Here we screened PB2 gene libraries against bait proteins with the aim of isolating purifiable complexes. Firstly a 5′ truncation library of the gene encoding the polymerase PB2 subunit was screened against importin α1 that has been shown to bind the purified C terminus of PB2 when mixed
in vitro [39]. Secondly a 3′ truncation library of the same subunit was screened against a poorly behaving, marginally soluble C-terminal construct isolated from the PB1 polymerase subunit in an earlier ESPRIT experiment (data not shown). A similar PB1 construct was recently shown by X-ray crystallography to form an inter-folded complex with a short N-terminal fragment of PB2
[43], explaining its poor behaviour in isolation. In both experiments, a series of soluble complexes were isolated, some of which were similar to structurally validated forms, while others may be of potential interest in future functional studies.
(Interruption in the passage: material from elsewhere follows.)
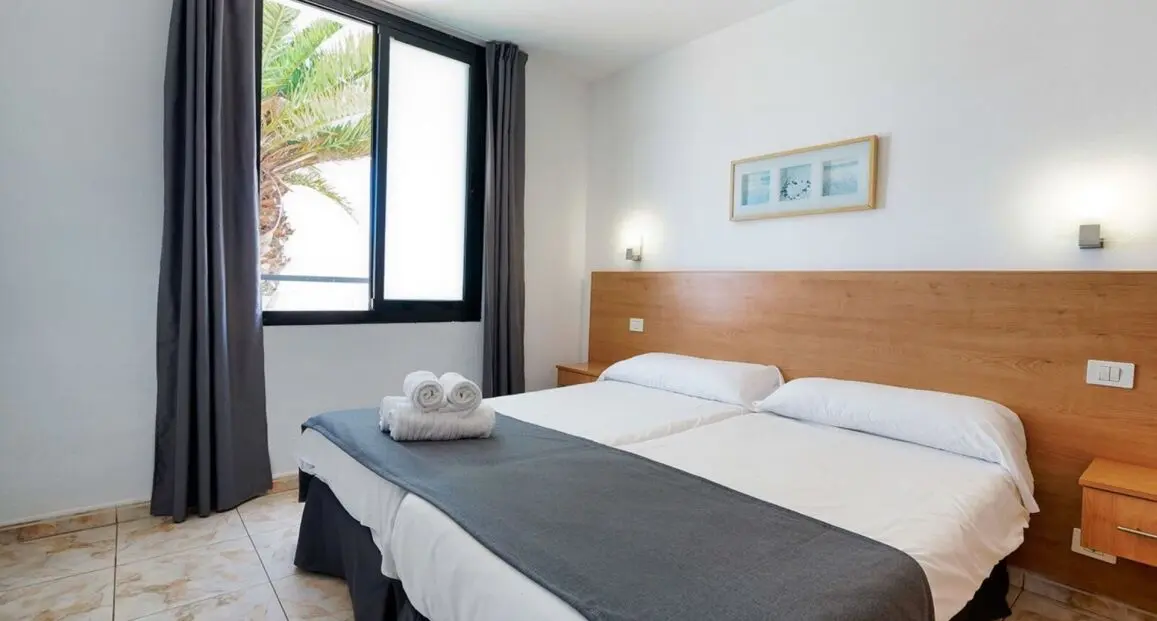 Pokój w hotelu Ura Nido del Aguila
The application of ESPRIT in this co-expression format (CoESPRIT) provides a powerful way of identifying well-expressing soluble complexes for in vitro and in vivo biochemical and structural characterisation, as well as immunisation, high throughput screening and other applications that require multi-milligram quantities of material. Additionally the same format has the potential for co-expression of other interacting proteins such as chaperones and modifying enzymes, widening the repertoire of expression tools for obtaining sufficient quantities of purified protein complexes.